Librairie Gibert Joseph (Poitiers)

Alors que la voix de Jack, l’émouvant héros de Room (Stock 2011), résonne encore dans nos têtes, la Canadienne Emma Donoghue est à nouveau dans l’actualité en cette rentrée avec un recueil de nouvelles intitulé Égarés. Une autre facette de son talent.

Si les quatorze nouvelles de ce recueil (écrites entre 1998 et aujourd’hui) n’ont pas été conçues pour constituer un ensemble, elles avaient toutefois un thème commun : le voyage. Pas le voyage d’agrément, le séjour de vacances, celui dont l’issue est un retour au point de départ. Non, le voyage qui fait commencer une nouvelle vie, celui dont on ne connaît pas l’issue et qui équivaut parfois à se jeter dans le vide en espérant que l’atterrissage sera simplement possible. Qu’il s’agisse de fuir la famine sévissant en Irlande au milieu du xixe siècle (« Compter les jours »), de participer à la fièvre de l’or dans le Yukon en 1896 (« La cécité des neiges ») ou de faire partie des tout-premiers colons en terre d’Amérique à la fin du xviie siècle (« La graine stérile »), les personnages des nouvelles d’Emma Donoghue quittent un monde pour un autre, que tous espèrent meilleur, quand bien même ils ne l’ont pas véritablement choisi et qu’il s’impose à eux. Mais, s’il y a effectivement de nombreux immigrants parmi les protagonistes d’Égarés, le voyage n’est pas toujours concret : beaucoup d’entre eux ne sont pas perdus dans l’espace mais dans une vie à l’intérieur de laquelle leurs repères sont inopérants et leurs différences impossibles à surmonter (« Fille à papa » ou « Retour au bercail »).

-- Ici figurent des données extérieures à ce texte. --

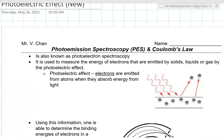Hello, Chemistry 11 Honors. This is Mr. Chan. Today I wanted to talk about something called photo emission spectroscopy, or PES, and Coulomb's law.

Ne cherchez pas dans les nouvelles de ce recueil les émotions provoquées par la lecture de Room, elles n’y sont pas. Ici, le projet d’Emma Donoghue est sensiblement différent puisqu’elle a mis en synergie son propre sentiment d’être étrangère à un étrange nouveau monde, avec son goût pour la recherche historique (de nombreux personnages et situations dépeints dans ces nouvelles ont été construits à partir d’archives, de journaux, de correspondances réelles…). En préface, elle explique sa démarche et conclut : « Écrire est ma façon […] d’échapper à la claustrophobie de mon individualité. Cela me permet, au moins pour un temps, de vivre plus d’une vie, d’explorer plusieurs chemins. Lire, bien sûr, peut aussi servir à cela. » Alors, embarquement immédiat !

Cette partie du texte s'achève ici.